|Overall||Art||Animation||Character Design||Music||Series Story||Episode Story||Reviewer|
Mars Red explores how the typical storytelling tropes of vampire titles could be applied during Japan's Taisho era with the military having their own vampire squad to fight vampires and how some of the vampiric characters coping with elements of their existence such as having immortality and fighting off the thirst for blood. The historic Japanese setting does offer some interesting story possibilities dabbled into such as the military struggling to cope with the increased globalization affecting the country's cultural norms, the implementation of theatrical performances serving as relevance in some of the developments of a few characters, and dealing with the aftermath of the Great Kanto Earthquake.
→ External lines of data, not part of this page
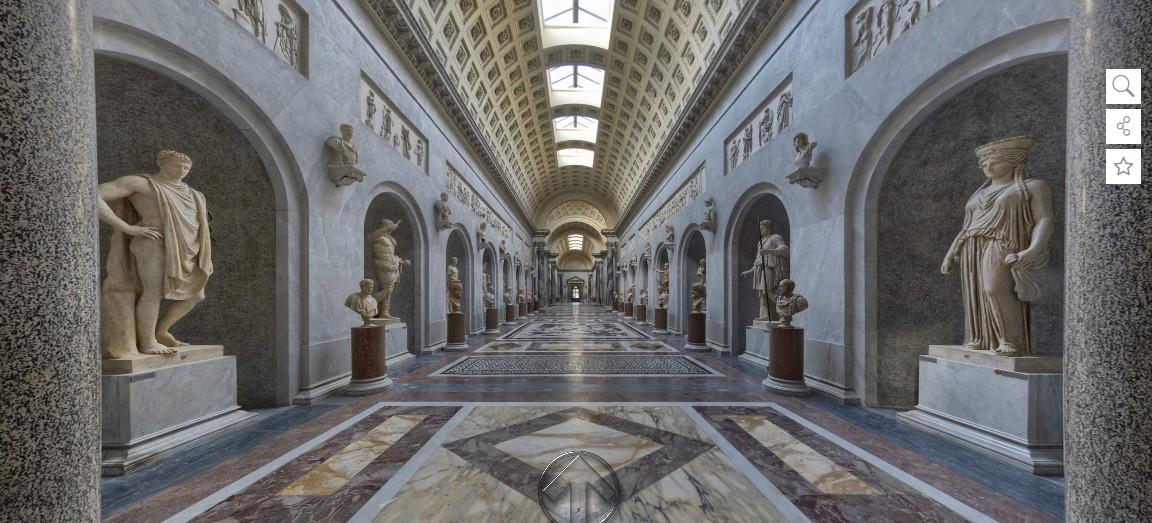 Muzeum Watykańskie (Watykan)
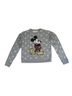 Marc Jacobs Mickey Mouse Eyelet Sweatshirt Sweatshirt - photo 1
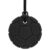 ARK Soccer Ball Chew Necklace, Chew Necklaces for Sensory Kids and Adults, Oral Fidget for Autism, ADHD, SPD, Anxiety, Medical-Grade Sensory Chew Necklace, XT, Firm, Black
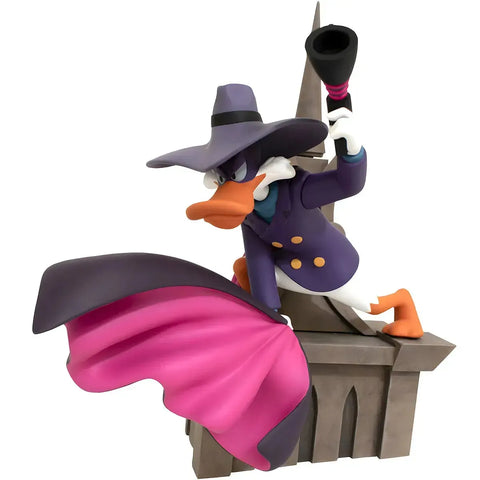 Disney - Darkwing Duck Figure Statue (9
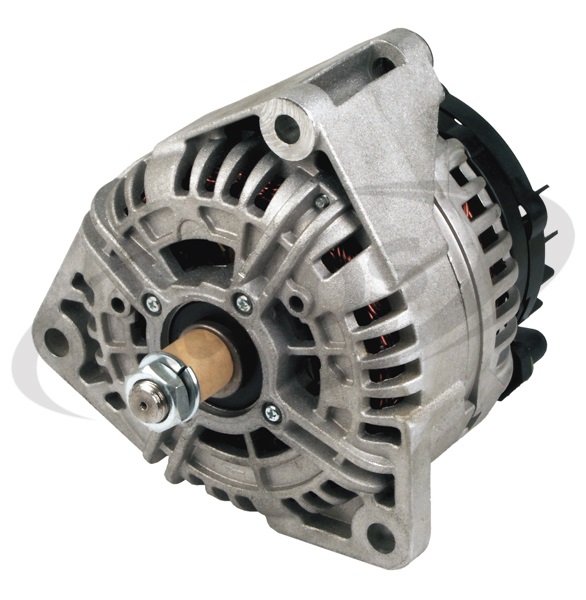 Alternátor 24V/100A MAN L2000,M2000, F2000,TGA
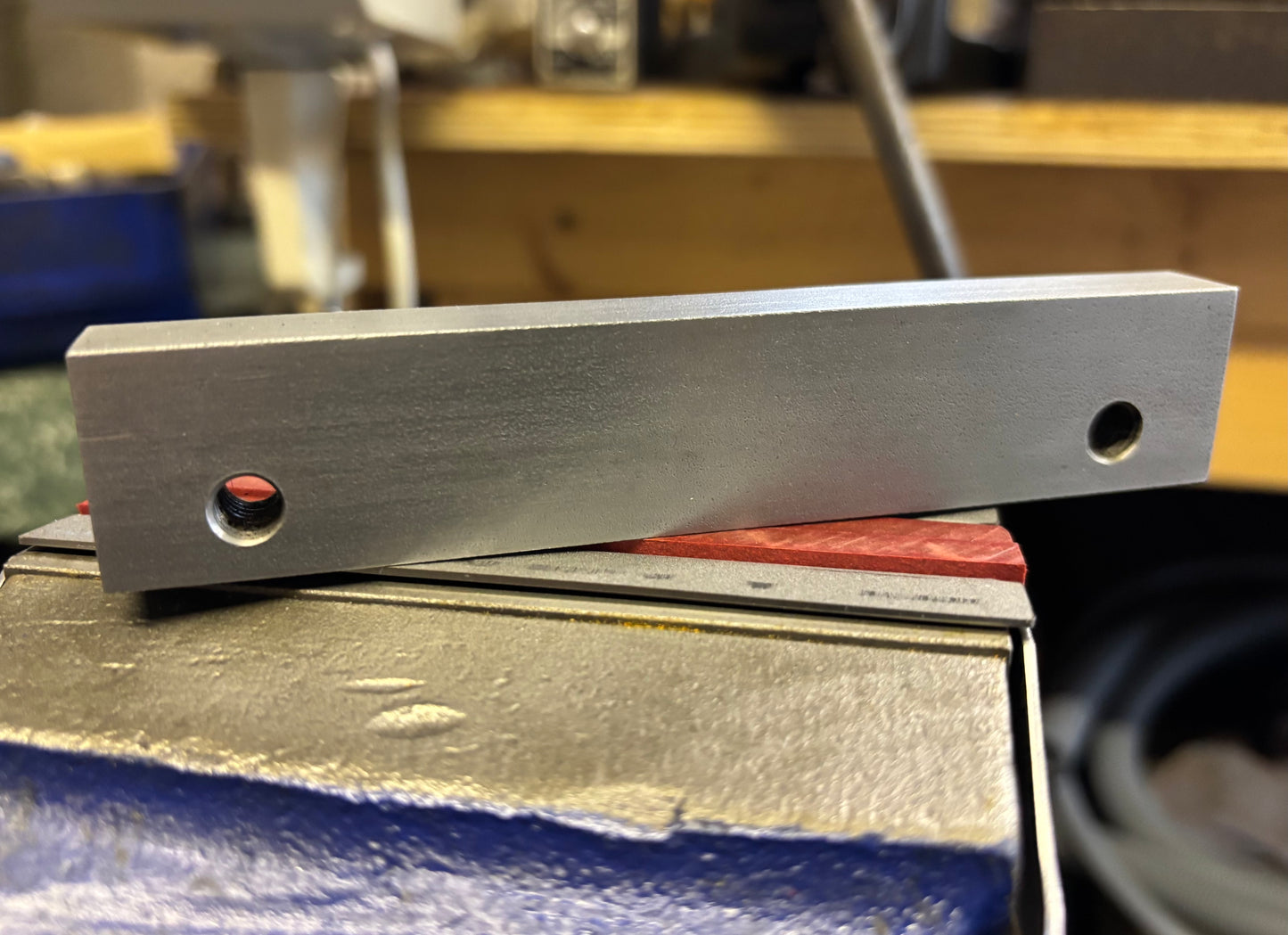 Jaws for PARAMO Vice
But the series doesn't necessarily escape its traditional vampire story cliches completely and this does affect the title's storytelling in later episodes with the introduction of a rather over-the-top antagonist that infiltrates the Japanese military for his own ends and lacking a conclusive ending. Still while not necessarily breaking any new ground, the implementation of traditional vampire lore into Japan's Taisho period still offers some engaging storytelling and character developments explored throughout its 13-episode run and is at least worth a look if you have interest in vampire-focused titles.
Last updated Monday, June 28 2021. Created Monday, June 28 2021.
(One episode watched):|
I had figured that an anime by this title would be science fiction involving the planet Mars, but no. Still, there was no reason why a show about vampires couldn't be entertaining. When I saw that it was set in 1923 (does that mean the catastrophic earthquake in Tokyo will occur at some point?) I wondered if it would be another attempt to rewrite history with Japan not drifting towards starting WWII but instead fighting a justified battle against some supernatural threat. We meet Major (later Colonel) Maeda and his aide Moriyama of Special Unit 16, and see the special precautions that have been taken to handle captured 'Vamps', which was sort of interesting. Apparently the idea (at its most ambitious) is to harness their incredible powers as a new sort of military technology that will render the conventional kind obsolete overnight (and it seems the British have already made a good deal of progress doing this). Or, at the very least, to keep them from running wild. There are lots of hints but little is made clear. And I became confused after Misaki (an actress who has become a Vamp) gets shot. In the end, wasn't it nothing more than sunlight that did her in? Just how dangerous are Vamps? At one point we are told that the lives of a number of soldiers who have been injured by her are not in danger, and I would guess neither was there any risk that they might become Vamps themselves. There was lots of repetitive reading of lines from a play, but to me the intrigue was outweighed by the lack of clarity. Eh, it could have been worse, but I was not all that impressed. At the moment I am ambivalent about whether to watch any more.
Last updated Monday, April 05 2021. Created Monday, April 05 2021.